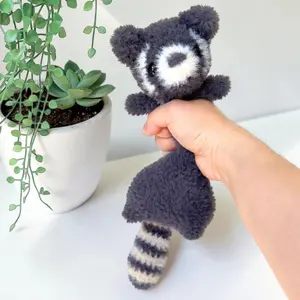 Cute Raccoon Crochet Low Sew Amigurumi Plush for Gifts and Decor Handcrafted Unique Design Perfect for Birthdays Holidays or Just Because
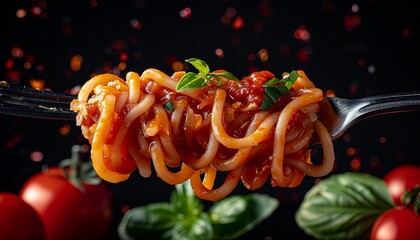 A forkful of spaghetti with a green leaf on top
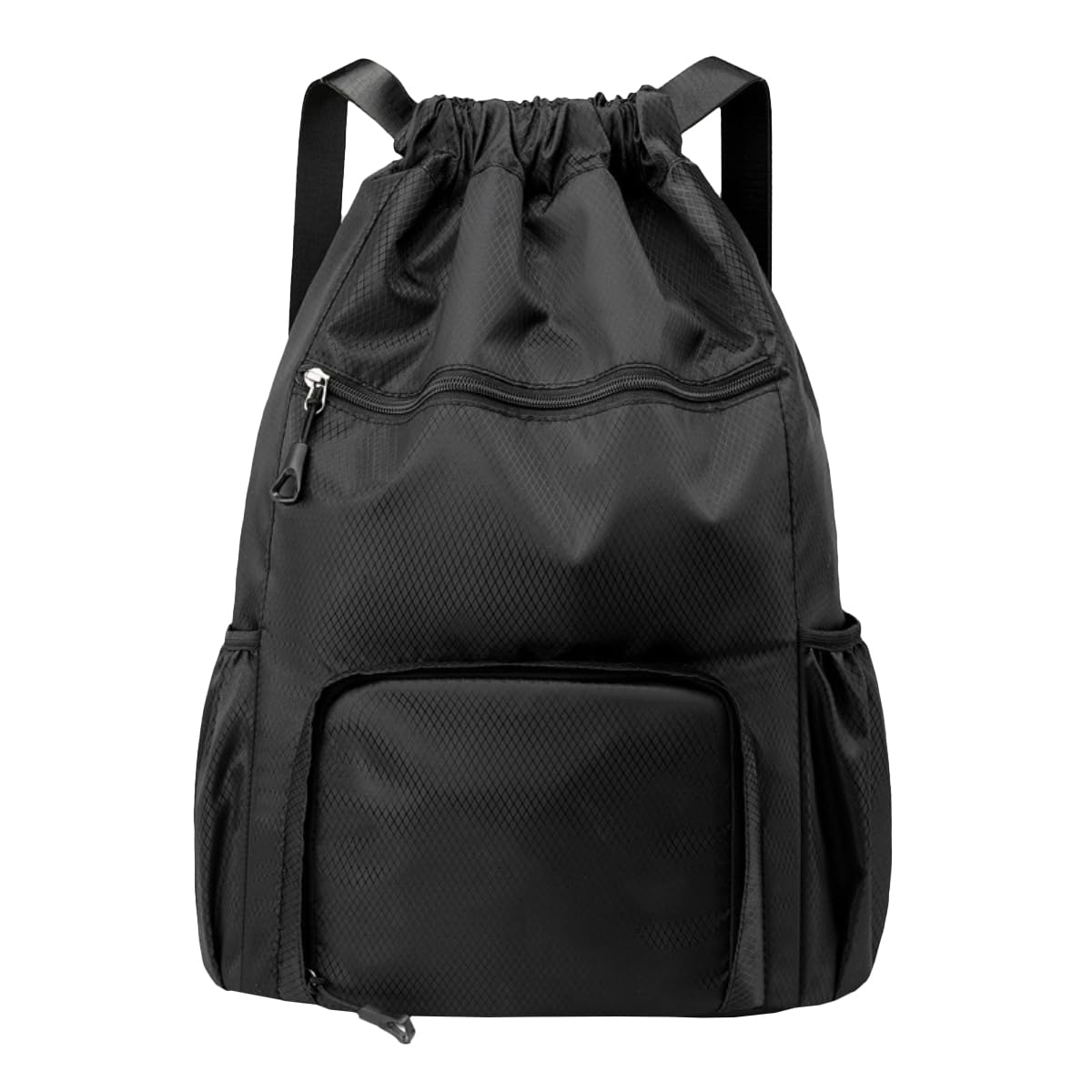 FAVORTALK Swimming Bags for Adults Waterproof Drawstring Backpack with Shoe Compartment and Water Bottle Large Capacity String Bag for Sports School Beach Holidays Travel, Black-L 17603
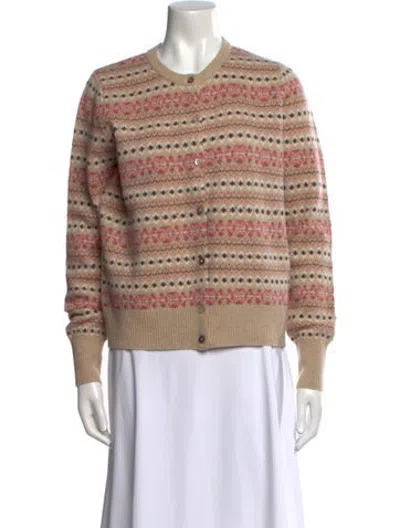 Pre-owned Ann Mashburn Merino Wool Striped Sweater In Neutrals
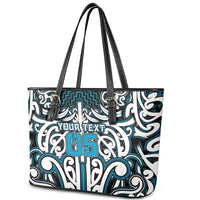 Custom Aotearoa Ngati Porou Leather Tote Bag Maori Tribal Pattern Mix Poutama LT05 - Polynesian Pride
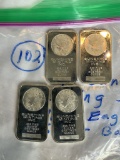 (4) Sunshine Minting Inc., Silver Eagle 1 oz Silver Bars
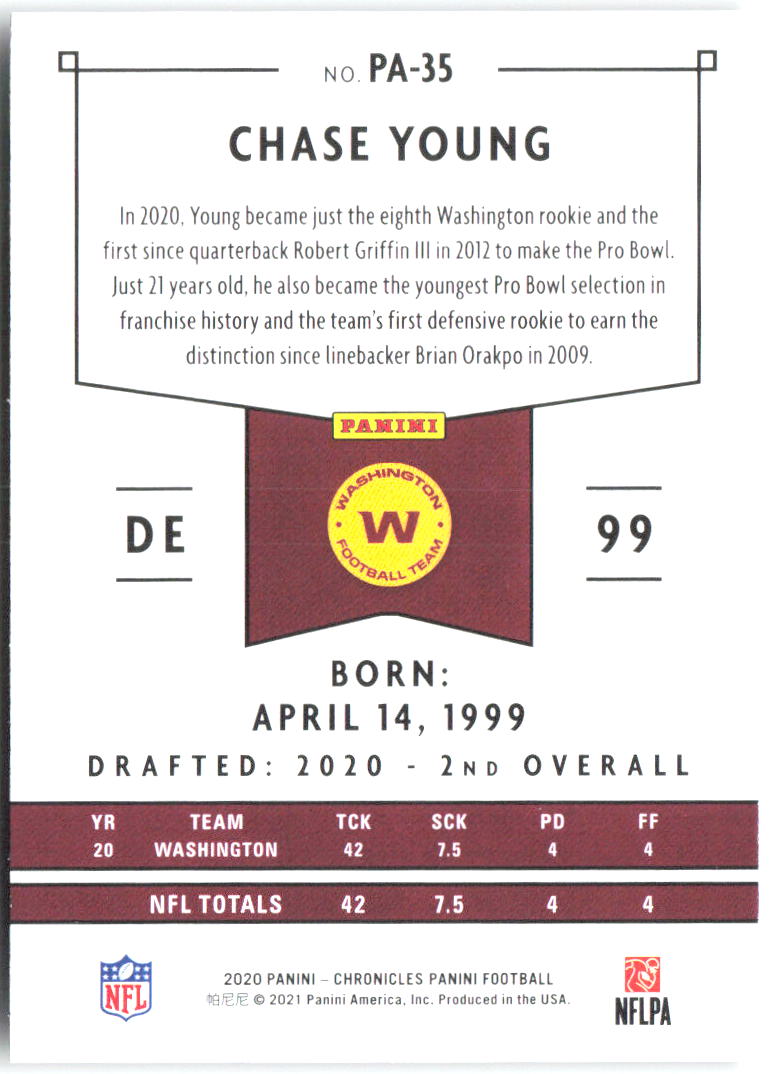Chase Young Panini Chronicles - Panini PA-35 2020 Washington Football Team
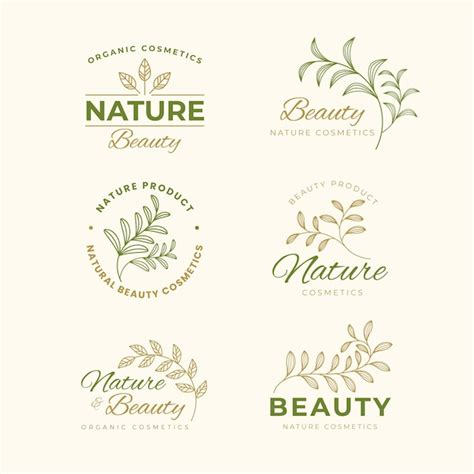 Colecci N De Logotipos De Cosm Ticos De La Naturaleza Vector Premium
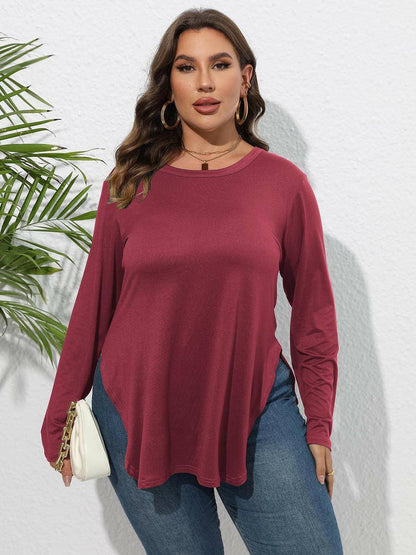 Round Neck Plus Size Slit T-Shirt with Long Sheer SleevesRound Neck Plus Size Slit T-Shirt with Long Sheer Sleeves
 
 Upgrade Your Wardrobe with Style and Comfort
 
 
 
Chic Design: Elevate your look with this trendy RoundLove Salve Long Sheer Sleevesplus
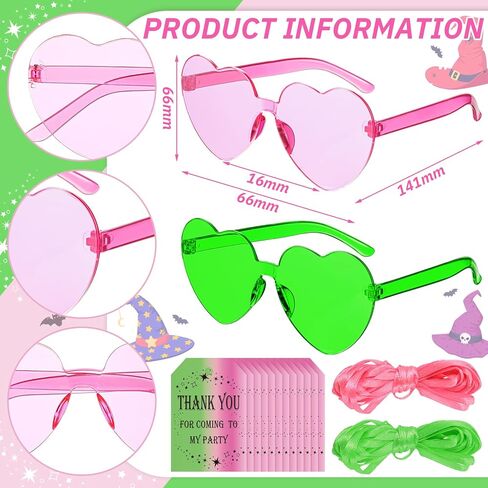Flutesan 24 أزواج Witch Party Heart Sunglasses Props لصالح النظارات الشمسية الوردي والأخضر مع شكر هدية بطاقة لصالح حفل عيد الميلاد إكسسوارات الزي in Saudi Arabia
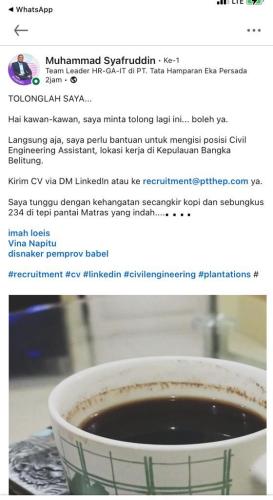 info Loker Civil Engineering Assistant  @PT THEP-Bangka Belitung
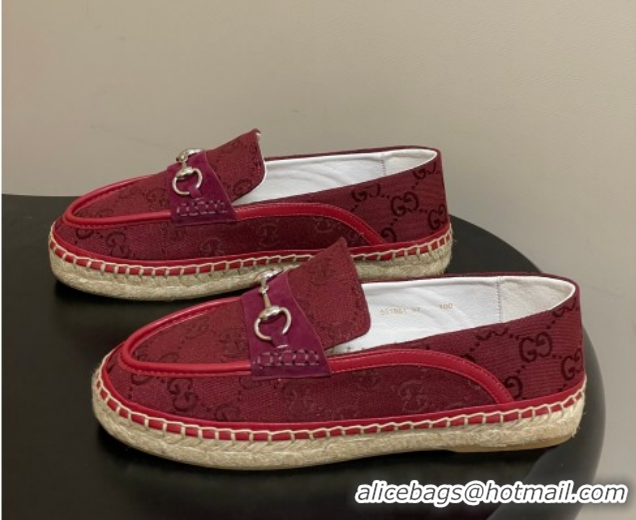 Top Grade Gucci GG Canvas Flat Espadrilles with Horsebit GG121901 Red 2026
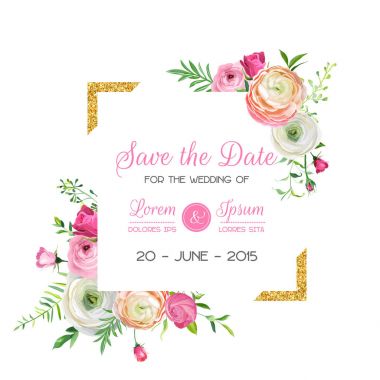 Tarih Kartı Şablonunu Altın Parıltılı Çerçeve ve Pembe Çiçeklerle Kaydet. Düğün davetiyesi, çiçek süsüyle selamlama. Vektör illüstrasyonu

* [TASK DIRECTIONS] Type out the data above again exactly as written, minus the images.

* [WRITTEN SOLUTION]
 Cute Raccoon Crochet Low Sew Amigurumi Plush for Gifts and Decor Handcrafted Unique Design Perfect for Birthdays Holidays or Just Because
 A forkful of spaghetti with a green leaf on top
 FAVORTALK Swimming Bags for Adults Waterproof Drawstring Backpack with Shoe Compartment and Water Bottle Large Capacity String Bag for Sports School Beach Holidays Travel, Black-L 17603
 Pre-owned Ann Mashburn Merino Wool Striped Sweater In Neutrals
 Custom Aotearoa Ngati Porou Leather Tote Bag Maori Tribal Pattern Mix Poutama LT05 - Polynesian Pride
 (4) Sunshine Minting Inc., Silver Eagle 1 oz Silver Bars
Chase Young Panini Chronicles - Panini PA-35 2020 Washington Football Team
 Colecci N De Logotipos De Cosm Ticos De La Naturaleza Vector Premium
 Round Neck Plus Size Slit T-Shirt with Long Sheer SleevesRound Neck Plus Size Slit T-Shirt with Long Sheer Sleeves
 
 Upgrade Your Wardrobe with Style and Comfort
 
 
 
Chic Design: Elevate your look with this trendy RoundLove Salve Long Sheer Sleevesplus
Flutesan 24 أزواج Witch Party Heart Sunglasses Props لصالح النظارات الشمسية الوردي والأخضر مع شكر هدية بطاقة لصالح حفل عيد الميلاد إكسسوارات الزي in Saudi Arabia
 info Loker Civil Engineering Assistant  @PT THEP-Bangka Belitung
 Top Grade Gucci GG Canvas Flat Espadrilles with Horsebit GG121901 Red 2026
 Tarih Kartı Şablonunu Altın Parıltılı Çerçeve ve Pembe Çiçeklerle Kaydet. Düğün davetiyesi, çiçek süsüyle selamlama. Vektör illüstrasyonu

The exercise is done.